More withdrawal rates

Since we see that reasonable withdrawal rates are in the range of 3% to 6%, we try more withdrawal rates. I have simulated increments of 0.1% of withdrawal rates.

Updated Trinity Results - 30 years - 1871-2023 - Inflation
Updated Trinity Results - 30 years - 1871-2023 - Inflation

With a large stock allocation, withdrawal rates between 3% and 4% are very safe. Some people would even dare use withdrawal rates of about 4.5%. But even a portfolio with 100% stocks has only an 85% chance of success after 30 years with 4.5%.

Longer retirement time

One of the caveats of the original study is that they stopped at 30 years. We run the same simulation again but with 40 years this time.

Updated Trinity Results - 40 years - 1871-2023 - Inflation
Updated Trinity Results - 40 years - 1871-2023 - Inflation

After 40 years, we are starting to see lower success rates, even for most people’s 4% withdrawal rate. Unless you have 100% of stocks, your success rate will be less than 90%.

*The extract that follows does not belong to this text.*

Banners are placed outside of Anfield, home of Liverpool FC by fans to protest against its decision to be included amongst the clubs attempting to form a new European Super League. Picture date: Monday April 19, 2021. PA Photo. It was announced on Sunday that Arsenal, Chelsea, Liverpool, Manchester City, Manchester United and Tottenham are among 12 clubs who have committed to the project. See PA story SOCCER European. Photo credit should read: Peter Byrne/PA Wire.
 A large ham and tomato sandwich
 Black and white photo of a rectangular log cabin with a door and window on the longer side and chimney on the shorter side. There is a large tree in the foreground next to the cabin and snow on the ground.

Here is what happens with 50 years.

Updated Trinity Results - 50 years - 1871-2023 - Inflation
Updated Trinity Results - 50 years - 1871-2023 - Inflation

As expected, we see lower success rates. But it is still not bad at all with reasonable withdrawal rates. A 100% allocation to stocks and a 3.5% withdrawal rate still have more than a 98% success rate. This is significantly more than I expected.

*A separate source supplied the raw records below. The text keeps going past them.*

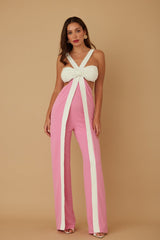 Woman wearing a pink and white jumpsuit with a bow detail on a beige background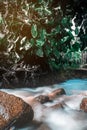 Soft water of the stream in the natural park, Beautiful waterfall in rain forest Royalty Free Stock Photo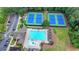 Aerial view showcasing community tennis courts and pool, perfect for recreation and socializing at 2875 Daniel Park Run, Dacula, GA 30019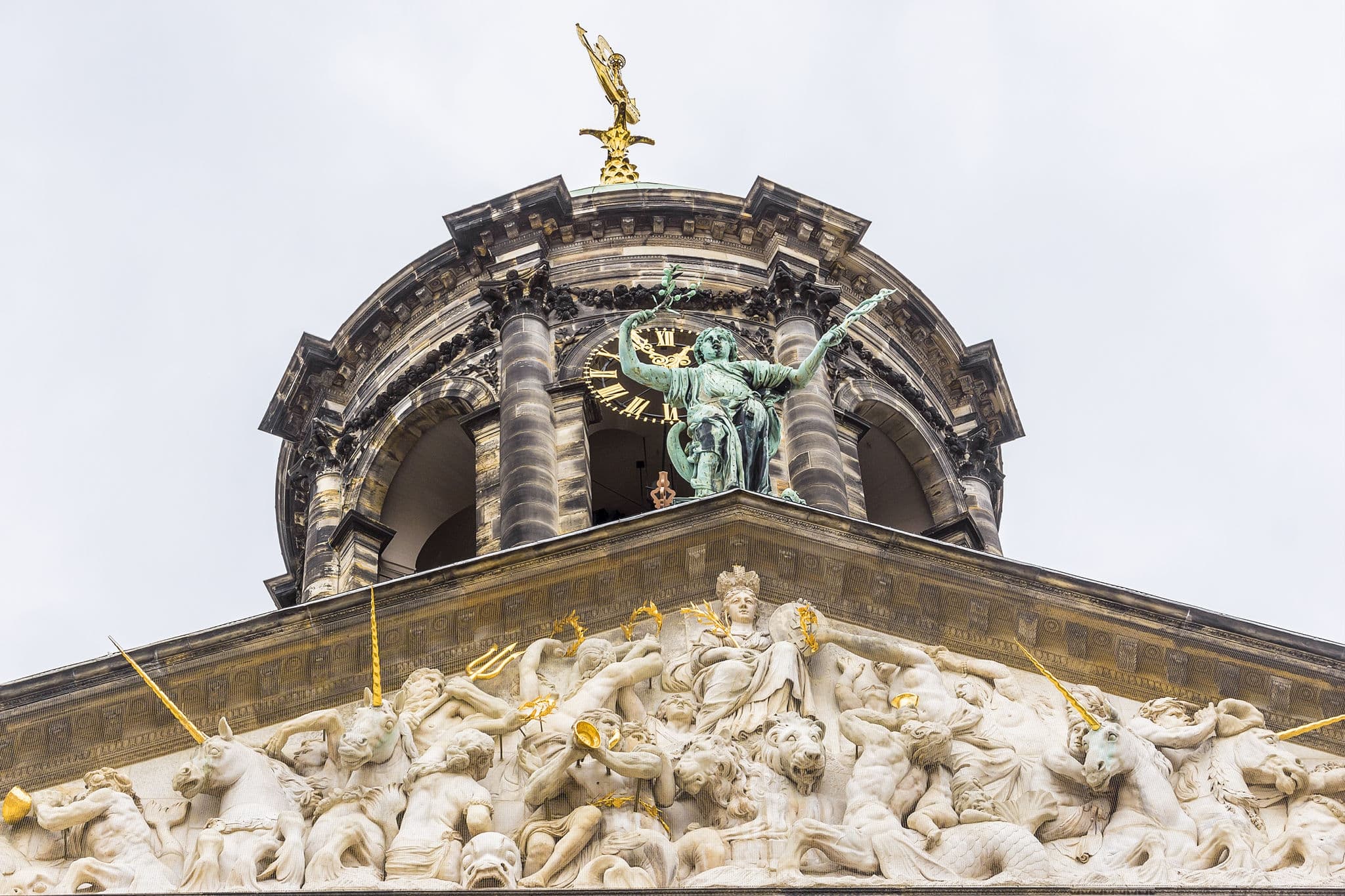 Parts of Royal Palace building (Koninklijk Paleis) at the Dam Square in Amsterdam, Netherlands. Palace in Holland classicism style was built as a city hall during the Dutch Golden Age in 1648 - 1655.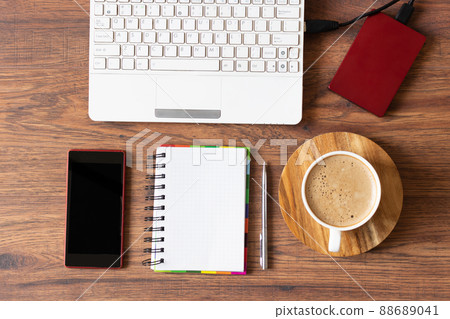 Workspace with laptop, diary and a cup of coffee on wooden background. Stylish office workplace. 88689041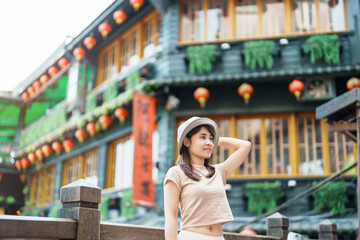Fototapeta woman traveler visiting in Taiwan, Tourist with hat sightseeing in Jiufen Old Street village with Tea House background. landmark and popular attractions near Taipei city . Travel and Vacation concept obraz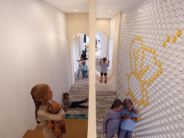 Discovery Hallway featuring an interactive wall with spinning balls and children playing.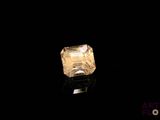 a close up of a yellow diamond on a black surface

It shows that the study’s original conclusion can still hold for over 30 years. It is excellent news!

Updated Terminal Values

Another interesting thing from the study was that they also compared the terminal values of the different withdrawal rates and portfolios.

So we will see the terminal values of a 1000$ portfolio after 30 years. I did the simulation for a portfolio of 100% Stocks. For the sake of display, I have reduced the number of withdrawal rates.

Terminal Value of a 1000$ portfolio - 30 Years - 1871-2023
Terminal Value of a 1000$ portfolio - 30 Years - 1871-2023

I did not show the minimum values. Indeed, they are always zero. If the chance of failure exceeds zero, the minimum value will be zero.

However, the average and median values are quite remarkable. We will focus on the median since it is generally more representative than the average.

For a withdrawal rate of 3.5%, my current target, the median terminal value after 30 years, is about 6700 dollars! Not only did your portfolio sustain your lifestyle, but it also increased six-fold! Let me repeat this. After 30 years of doing nothing but withdrawing money, you have six times more money than when you started!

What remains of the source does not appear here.